Anybody going to Hershey, PA for the Worlds Largest RV Show, Sep 12-16?


----------



## C Nash (Aug 31, 2007)

Re: Hershey, PA RV Show

Nope, but wish we were


----------



## miket (Sep 1, 2007)

Re: Hershey, PA RV Show

I have to be there ---  hope it's better this year ---


----------



## DL Rupper (Sep 2, 2007)

Re: Hershey, PA RV Show

That doesn't sound good.  We were planning on dropping by.  Most of the local RV shows we have been to are so small that you can't see a broad range of RV's (mostly family type RV's).  Plus they charge an arm and leg for a small show.  The ad says largest RV show, so we thought we could see a large cross section of RV's.


----------



## Sunshein (Sep 14, 2007)

Re: Hershey, PA RV Show

We went to the Hershey RV show again this year. It is called the largest because there are many units on display of every types froma the Monaco Signature motorhome to the smallest trailers to park models. For the motorhome person, half the show is unseen. For the trailer person, same hold true. 
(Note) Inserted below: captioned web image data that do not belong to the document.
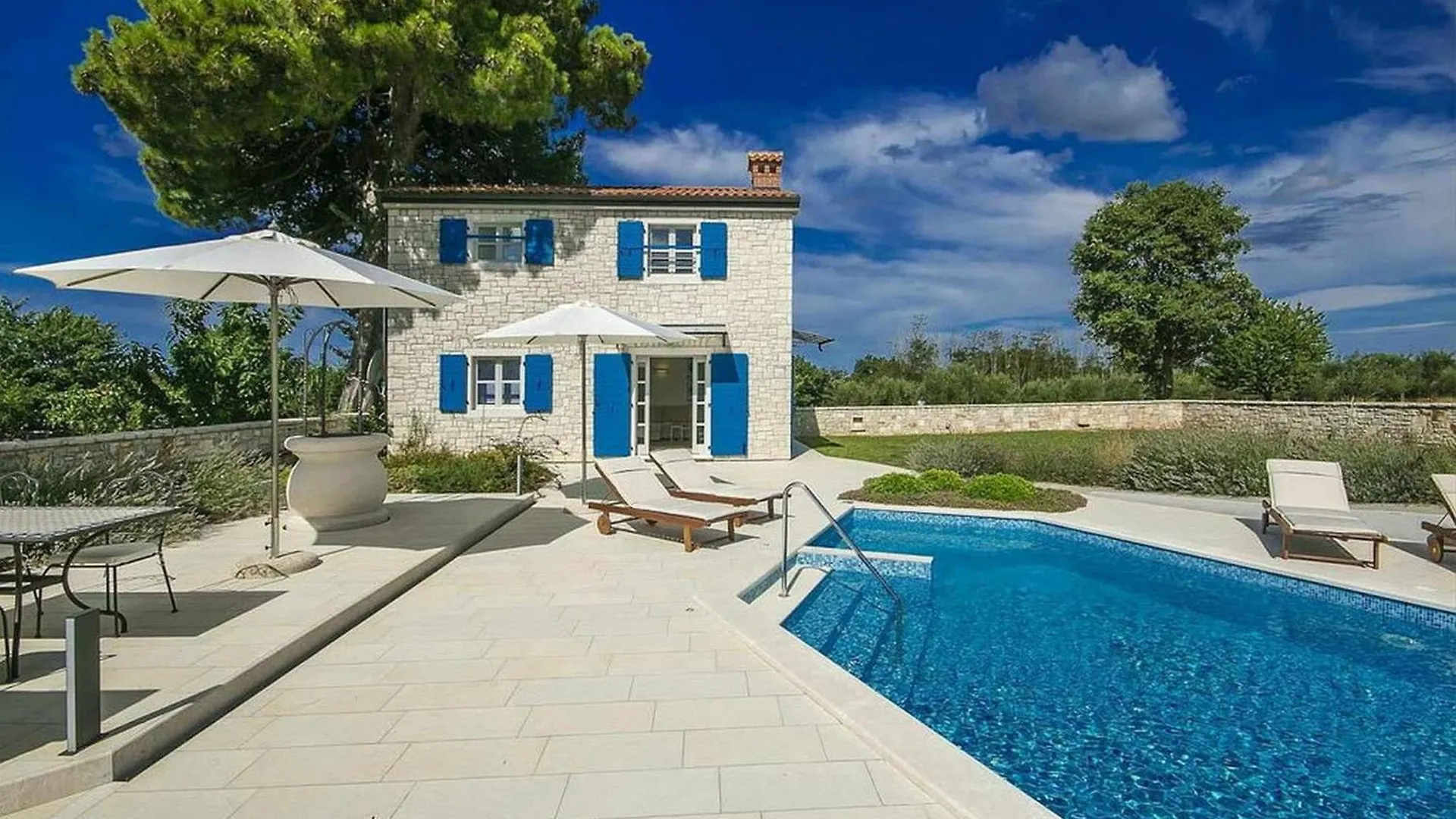Villa Lenka Mit Pool Und Grossem Garten Sveti Lovrec Pazenaticki Holiday home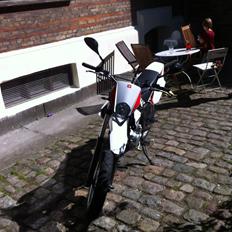 Derbi senda baja 125 super motard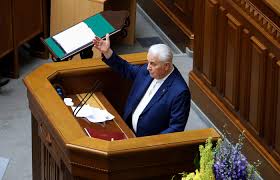 Кравчук отметил, что у правительства есть способы, которые позволят защитить киев. Pervyj Prezident Ukrainy Kravchuk Predstavit Kiev V Gruppe Po Donbassu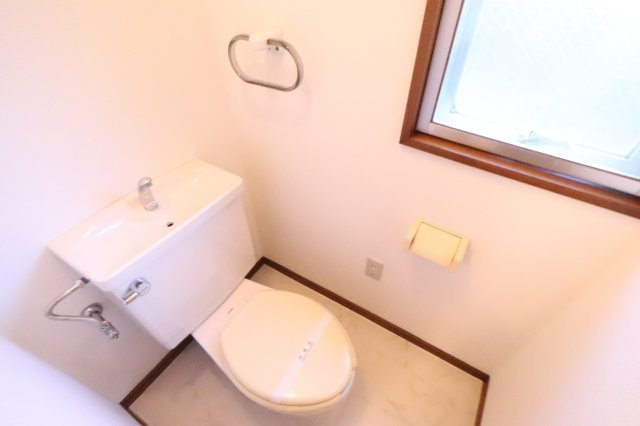 坂本ビルのトイレ|※他のお部屋の参考写真です。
My real dissappointment is with the inside vendors. There just the same boring vendors selling jewelry, promoting campgrounds, and other stuff I really don't need. If you've ever seen the inside vendors at an FMCA rally, there's a big difference. That one always costs me more than the Hershey one. 
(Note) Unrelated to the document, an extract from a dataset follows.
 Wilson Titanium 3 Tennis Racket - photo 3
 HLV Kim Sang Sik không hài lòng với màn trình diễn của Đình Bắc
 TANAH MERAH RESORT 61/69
As you can see, this is my first post in this forum. 

Jack

PROJECT IN PROGRESS ... new interactive online dump station database. If you can provide first-hand information on any free dump stations, please send them to me at mrsunshein@yahoo.com.


----------



## DL Rupper (Sep 14, 2007)

Re: Hershey, PA RV Show

I agree, the outside RV show was great.  More RVs than I could look at in a week.  Biggest show I've ever been to.  Inside vendors were run of the mill.  The food was pricey, but isn't it always at these events?   :bleh:


----------